- [Exercise] Reproduce the lines below exactly. Begin with the first, end with the line containing "dR Amsterdam Schultertasche", and leave out the pictures.

- [Source information]
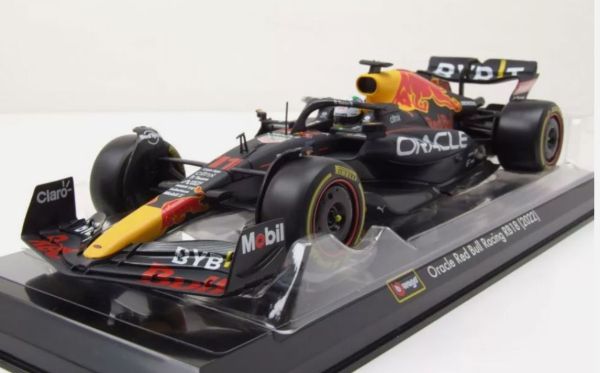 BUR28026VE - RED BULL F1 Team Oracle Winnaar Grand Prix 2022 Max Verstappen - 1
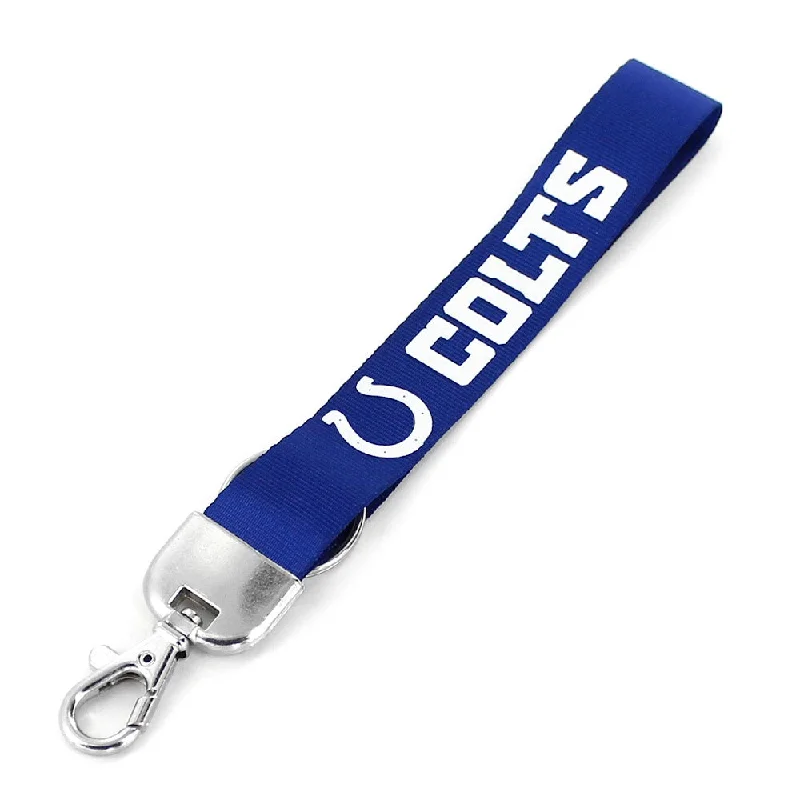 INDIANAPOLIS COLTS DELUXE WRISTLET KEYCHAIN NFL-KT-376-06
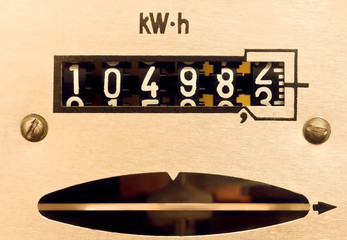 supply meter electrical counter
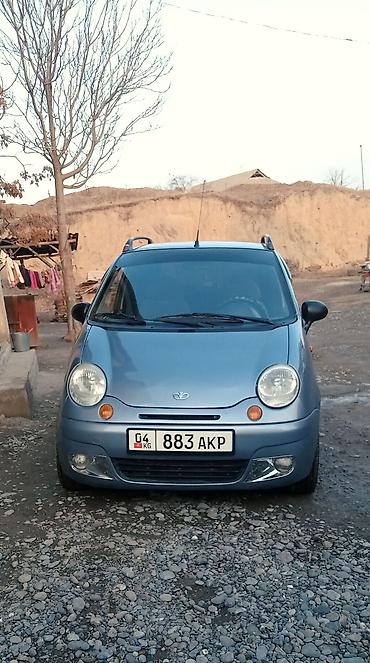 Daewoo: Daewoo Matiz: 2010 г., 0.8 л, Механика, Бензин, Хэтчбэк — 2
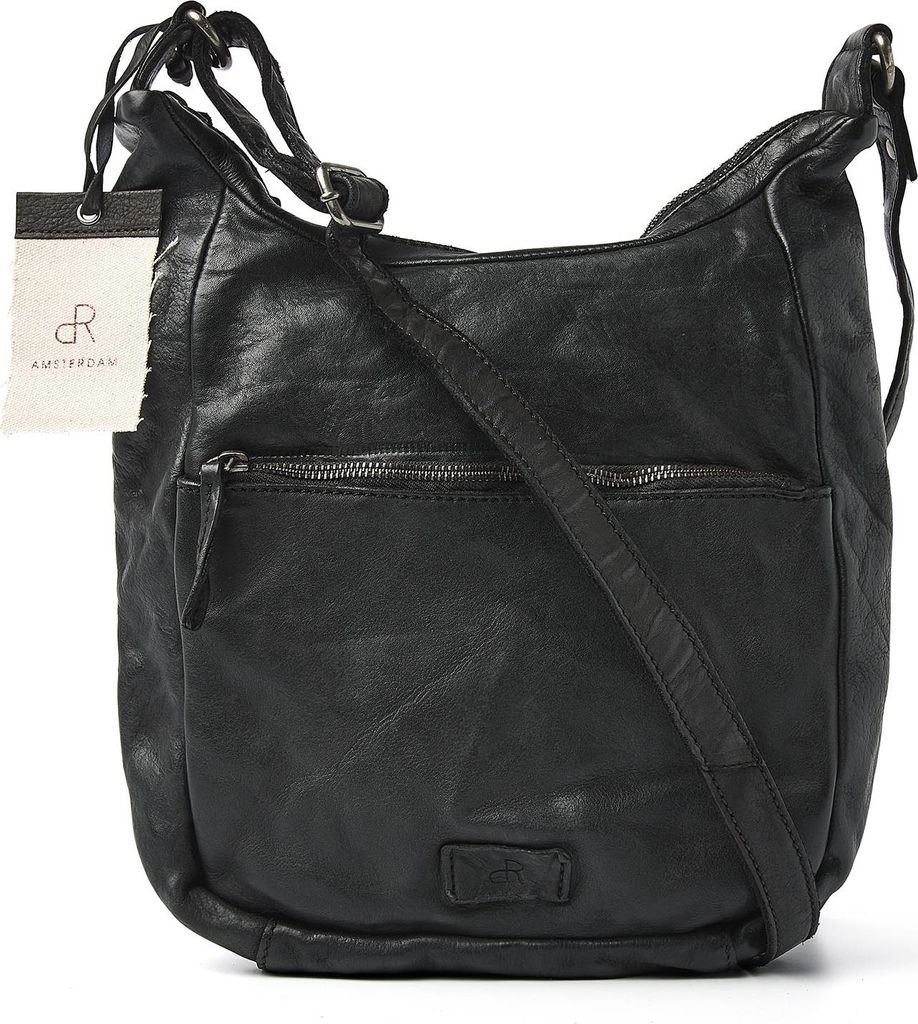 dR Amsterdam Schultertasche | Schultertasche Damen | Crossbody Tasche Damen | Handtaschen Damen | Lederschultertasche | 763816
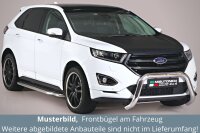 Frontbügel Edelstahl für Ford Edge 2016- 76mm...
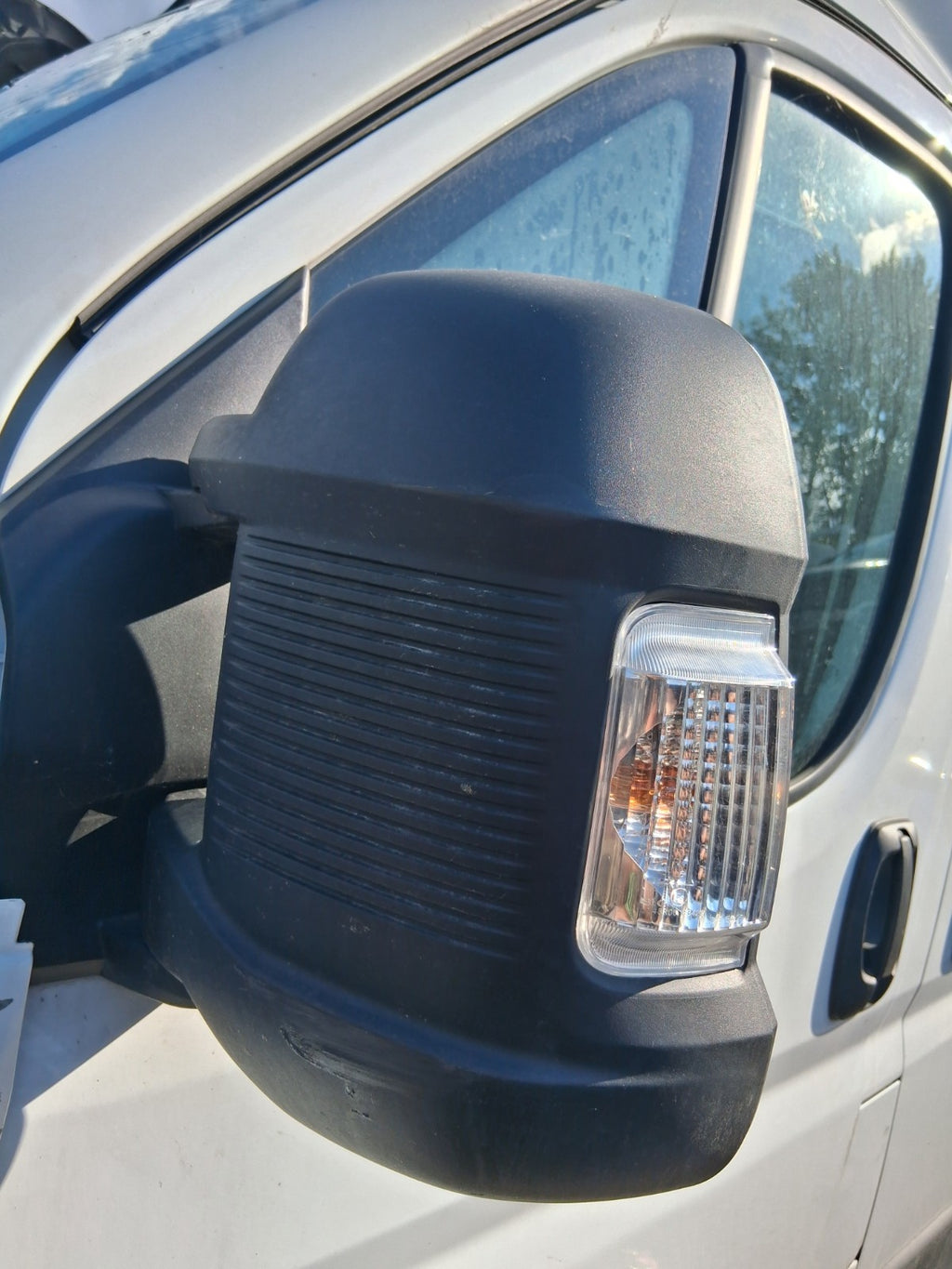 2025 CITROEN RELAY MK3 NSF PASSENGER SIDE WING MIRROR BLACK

- [Result]
 BUR28026VE - RED BULL F1 Team Oracle Winnaar Grand Prix 2022 Max Verstappen - 1
 INDIANAPOLIS COLTS DELUXE WRISTLET KEYCHAIN NFL-KT-376-06
 supply meter electrical counter
 Daewoo: Daewoo Matiz: 2010 г., 0.8 л, Механика, Бензин, Хэтчбэк — 2
 dR Amsterdam Schultertasche | Schultertasche Damen | Crossbody Tasche Damen | Handtaschen Damen | Lederschultertasche | 763816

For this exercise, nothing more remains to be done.